In Focus
INFORMATION TECHNOLOGY | Staff Reporter, Singapore

Bitcoin bother puts crypto platform on trial

Singapore International Commercial Court decided that cryptocurrencies are properties traded with trust.

Cryptocurrencies can now be considered as property, according to Singapore’s courts, after a landmark ruling by the Singapore International Commercial Court’s (SICC) with regard to Quoine, a currency exchange platform which was involved in a case with one of its traders. Due to a software glitch, seven trades of Ethereum for Bitcoin were mistakenly placed by trader B2C2 with its counterparties at 250 times the prevailing rate or 1 ETH to 10 BTC. When Quoine realised the glitch the following morning, ​it cancelled the seven trades and reversed the debit card transactions.

​T​his triggered B2C2 to commence action against Quoine, alleging that by unilaterally reversing the seven trades, Quoine was in breach of the terms and conditions governing their trade. The trader also claimed that by unilaterally withdrawing the proceeds credited to B2C2’s account, Quoine was in breach of trust.

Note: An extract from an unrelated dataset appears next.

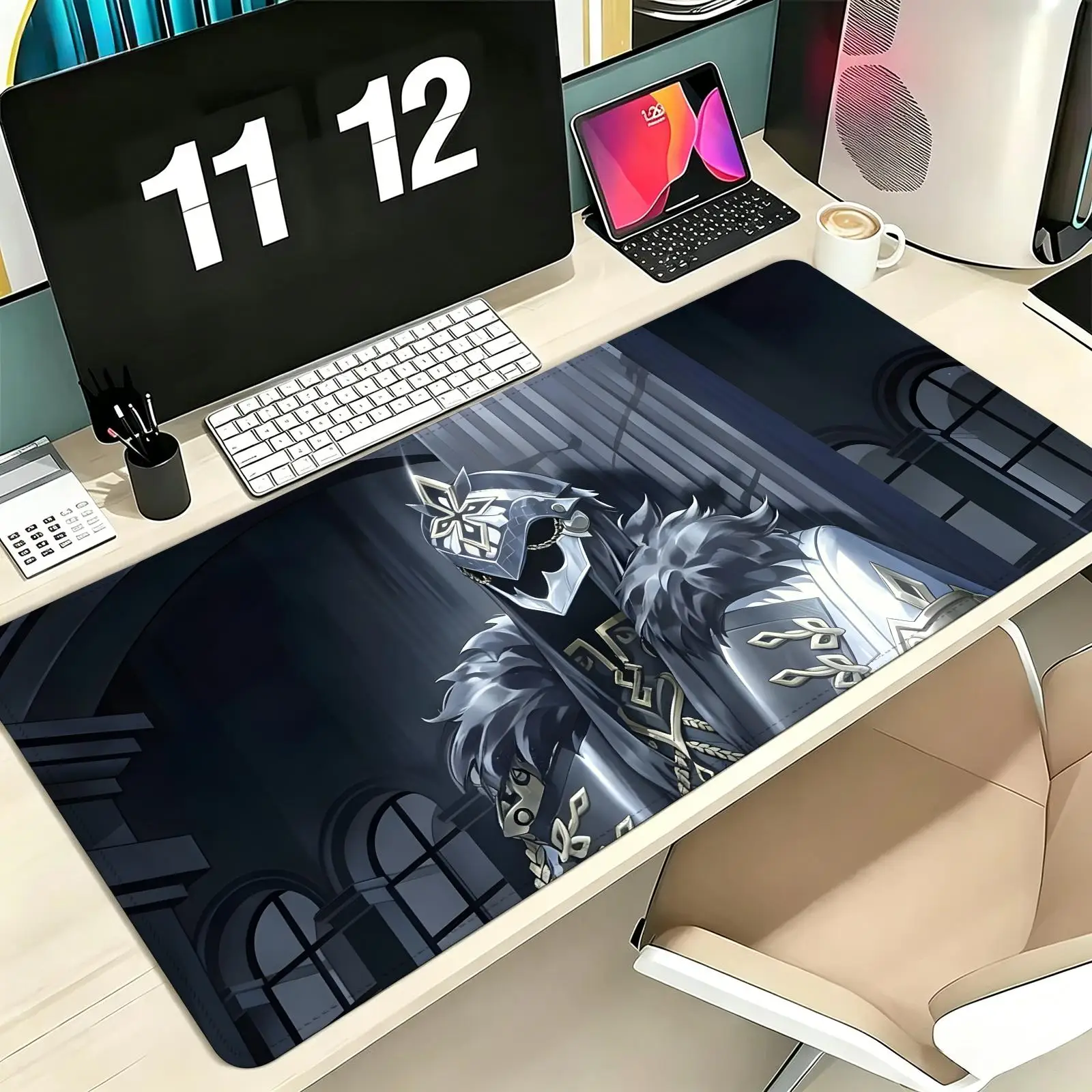 Genshin Impact Il Capitano Pro E-Sports Gaming Mousepad Extra Large Non-Slip Stitched Edge Keyboard Laptop Desk Mat For PC Gamer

​​Q. Can a trust be created over cryptocurrencies?
​​“To create a trust, there must be certainty of intention, certainty of subject matter and certainty of objects. For certainty of subject matter, the SICC held that cryptocurrencies have the fundamental characteristic of intangible property and can be the subject matter of a trust,” said Joy Tan, joint head - commercial & corporate disputes practice, WongPartnership.

She added that regarding certainty of objects, the intended beneficiaries must be identifiable. In this case, the beneficiaries were identifiable from the individual accounts of each user held by Quoine.

The dispute on this issue centred on the requirement of certainty of intention to create a trust, said Rajah & Tann in a legal note. “Quoine contended that there was no such intention, on the basis that there was no provision to that effect in the Terms and Conditions, and further on the basis that certain statements were made to the effect that assets deposited by customers were not deposited in a separate account with a trust bank.”

Q. How can a breach of trust occur in cryptocurrency deals?
The SICC found that there was an intention to create a trust, Tan noted. This meant that if Quoine was not entitled to reverse the trades, the unilateral removal by Quoine of Bitcoin from B2C2’s account held with Quoine was a breach of trust.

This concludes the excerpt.